If we want to determine the multiplicity in the microcanonical ensemble we just devide the volume of the shell containing the accessible microstates over the volume of one microstate; let us write the multplicity as:
$$\Gamma = \frac{\omega }{\omega_{0}}.$$
Now, we can write the RHS as:
$$\frac{\omega }{\omega_{0}} = \frac{\int' d^{3N}q d^{3N}p}{d^{3N}q d^{3N}p}.$$
Next multiplying by $$\rho_{0},$$ where $$\rho_0$$ is the constant density distridubtiion of the ensemble members in a microcanonical ensemble. we get:
$$\frac{\omega }{\omega_{0}} = \frac{\int' d^{3N}q d^{3N}p \, \rho_0}{d^{3N}q d^{3N}p \, \rho_0};$$
Now this would mean that the mutliplicity $$\Gamma$$ is given by:
$$\Gamma = \frac{N}{n_0};$$
where N is the total number of ensemble members and n_0 is the number of ensemble elements in a given microstate.

First question, is this correct? Is this ok to write?

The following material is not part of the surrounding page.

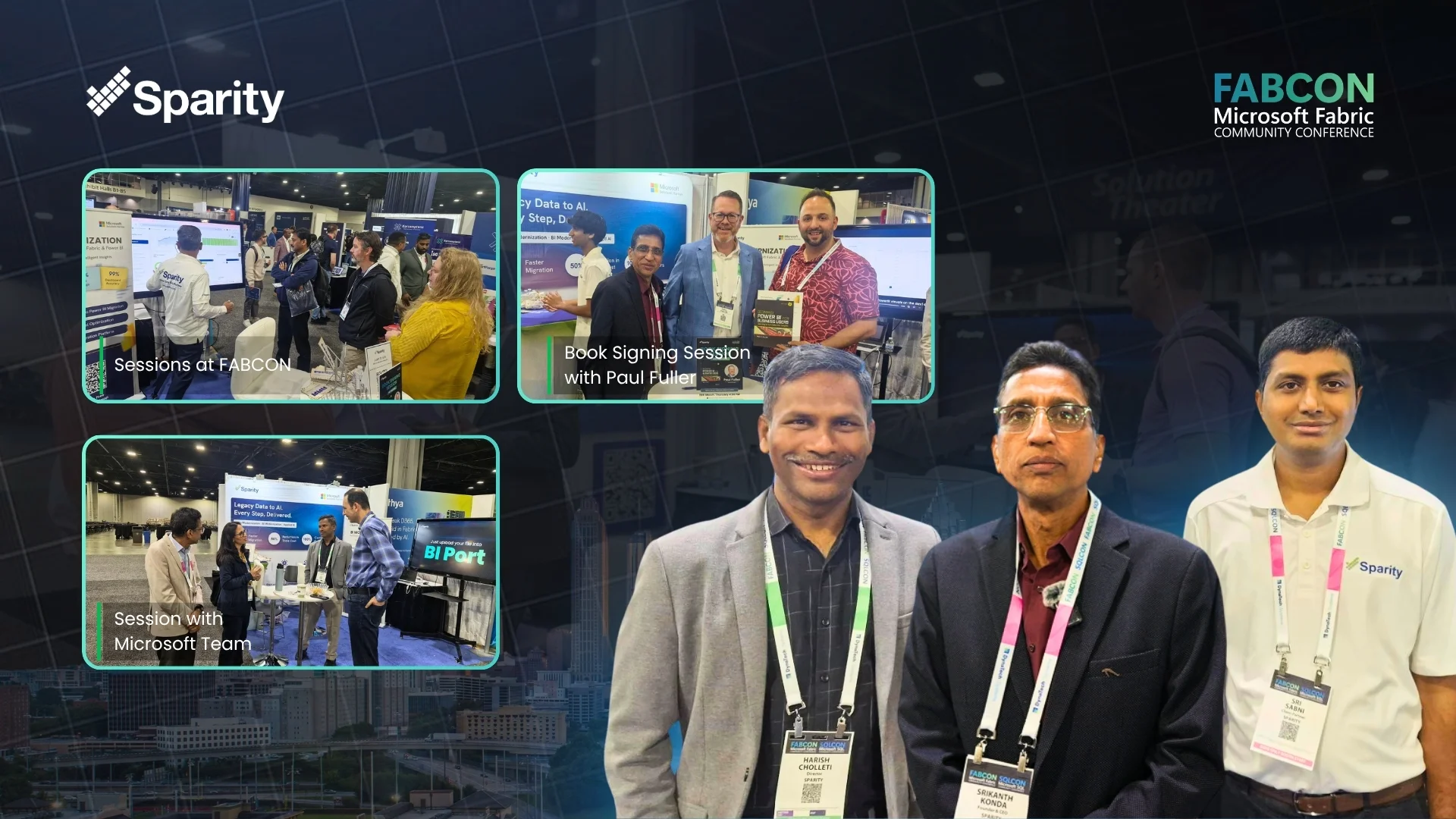 Sparity Showcases BI Modernization and AI Innovation at FABCON 2026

Next, let's suppose everything is fine. What would this expression then mean?

$$\frac{\int d^{3N}q d^{3N}p \, \rho(q,p)}{d^{3N}q d^{3N}p \, \rho(q,p)} = \frac{N}{n(q,p)};$$

where $$\rho(q,p)$$ is the density distribution again but this time it is not constant anymore, it varies from microstate to microstate. We would get something like $$\Gamma (q,p).$$ What does it mean? Can anyone help? I can't firugre out what this "multiplcity", that is (q,p) dependent, means. Incidently its inverse is similar to the probability distribution of the canonical ensemble and grand canonical ensemble.

Any help would be greatly appreciated.